周志国没有马上接话。刘建武是市局副局长,刘国强的人。如果消息是从刘建武那边流出来的,那就意味着这顿饭从一开始就没打算保密。
程立请那三个人吃饭,不是请给他们自己看的,是请给所有人看的。
让消息传出来本身就是目的。他是要借这三个人来撬动冷江的局面。
一个需要保密的消息才是真正要命的消息,一个故意放出来的消息是用来吓人的。
他把那支笔放下了,靠在椅背上:“三个人,都是秘书?”
“周远,省政法委刘斌书记的秘书。张维民,省委副书记陈立新的秘书。杨光,常务副省长宋明远的秘书。”
李国辉把这三人背后的名字一个一个报出来,周志国的指尖在椅扶手上停住了。三个方向,三条线。
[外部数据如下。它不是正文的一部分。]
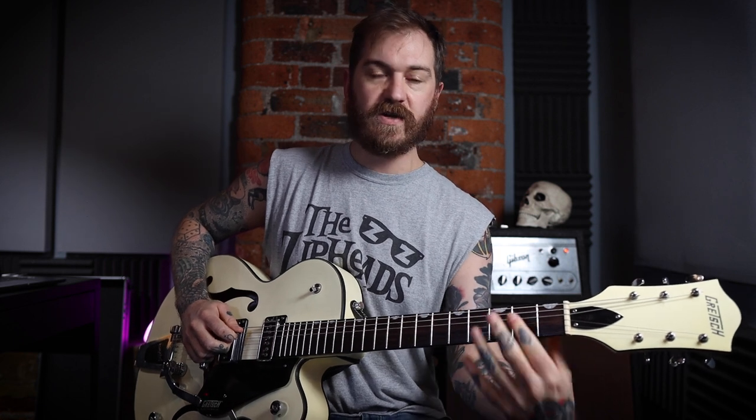Then we go to the third fret on the E, second fret, and then open E. When we get to here we jump up to the A string and we go open, second, and fourth — and then round again.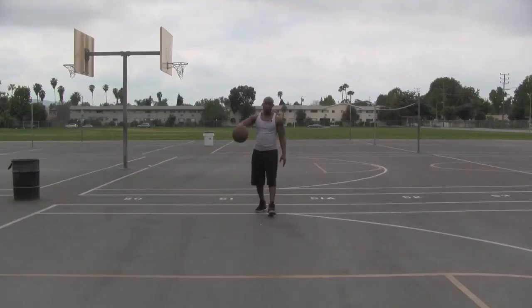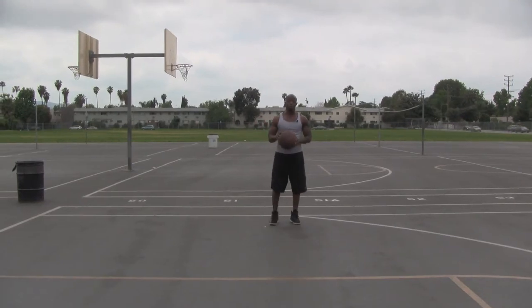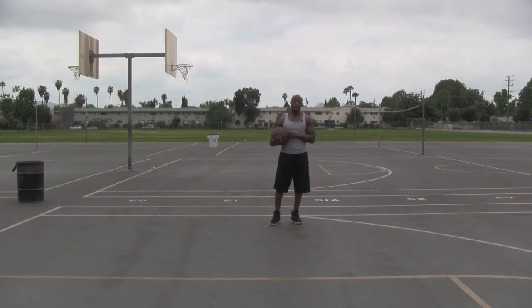Hi, my name is Matt McKinley and this is speed and agility training for basketball. Speed and agility is very key to basketball. Getting faster on the court will help you get around your defender and get back and forth down the court a lot faster.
省政法委那边管着全省的政法系统,是程立的直属上级单位,这条线最直接。
省委副书记管着党建和干部人事,这条线最深远,因为他能在关键的人事任免上说上话。
常务副省长管着全省的财政和重大项目,这条线最实际,因为冷江的煤矿和物流都跟钱有关。
三条线同时出现在一张饭桌上,不是巧合,是程立把所有的方向都考虑到了。
周志国想起了程立刚到冷江报到那天,二十五岁,站在林峰旁边。那时候他心里闪过一个念头:年轻人,来镀金的。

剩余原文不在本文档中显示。